Re. other types of terms: I made a tab where I sorted all terms by ontology ("All sorted by ontology"); 9 are country names; 21 are BTO terms; 492 are CHEBI terms; 499 are CL terms; 2 are EO terms; 78 are FBbt terms; 8 are FMA terms; 35 are GO terms (see #444); 16 are HANCESTRO terms; 39 are HP terms; 528 are MONDO terms; 1448 are NCBITaxon terms; 3 are PATO terms; 5 are PO terms; 868 are UBERON terms; 7 are UO terms; 18 are ZFA terms; 1133 are EFO terms; 1857 are ORDO terms. We may want to come back to these at a later stage.

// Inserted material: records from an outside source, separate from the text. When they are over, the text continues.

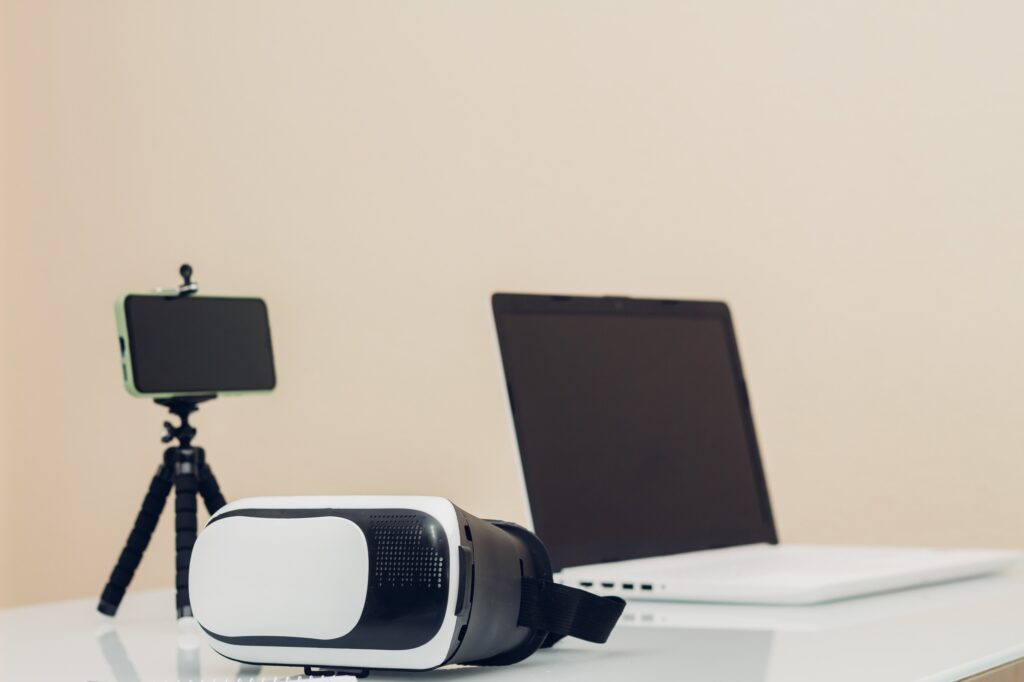  VE Studios visual content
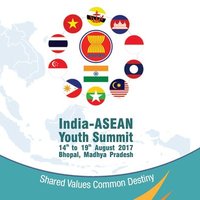 IndASEAN YouthSummit (@indiaasean) 's Twitter Profile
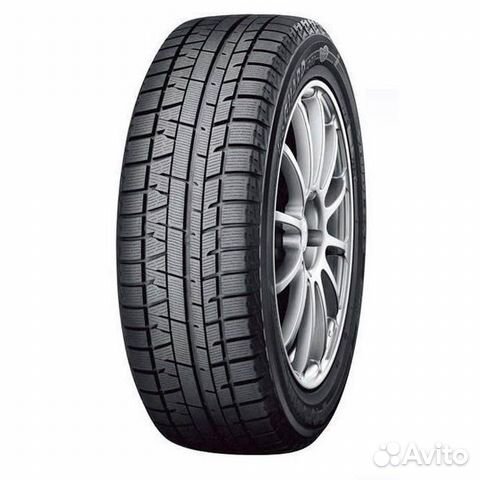 Yokohama Ice Guard IG50+ 185/65 R15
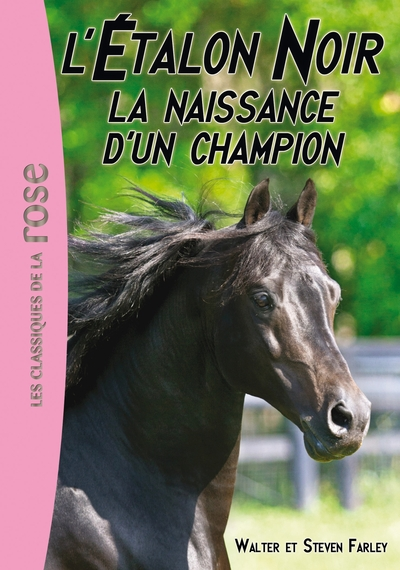L'étalon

@gkos-bio @afaulconbridge Gautier opened this ticket some time ago pointing to terms missing descriptions (definitions) in the EFO disease branch. We have now re-evaluated the issue in EFO3 and prepared a summary (see previous 2 comments). Could you please let us know if fixing the broader issue (i.e. creating or adding definitions wherever they are missing) is of interest for Open Targets, and if so what would be priority between diseases and phenotypes. Thanks!
Agreed strategy with Zoe:
Example: https://www.ebi.ac.uk/ols/ontologies/ordo/terms?iri=http%3A%2F%2Fwww.orpha.net%2FORDO%2FOrphanet_2295
is in EFO but has no description
https://www.ebi.ac.uk/ols/ontologies/efo/terms?iri=http%3A%2F%2Fwww.orpha.net%2FORDO%2FOrphanet_2295
It looks like it's an automated process that is somehow broken for ORDO diseases.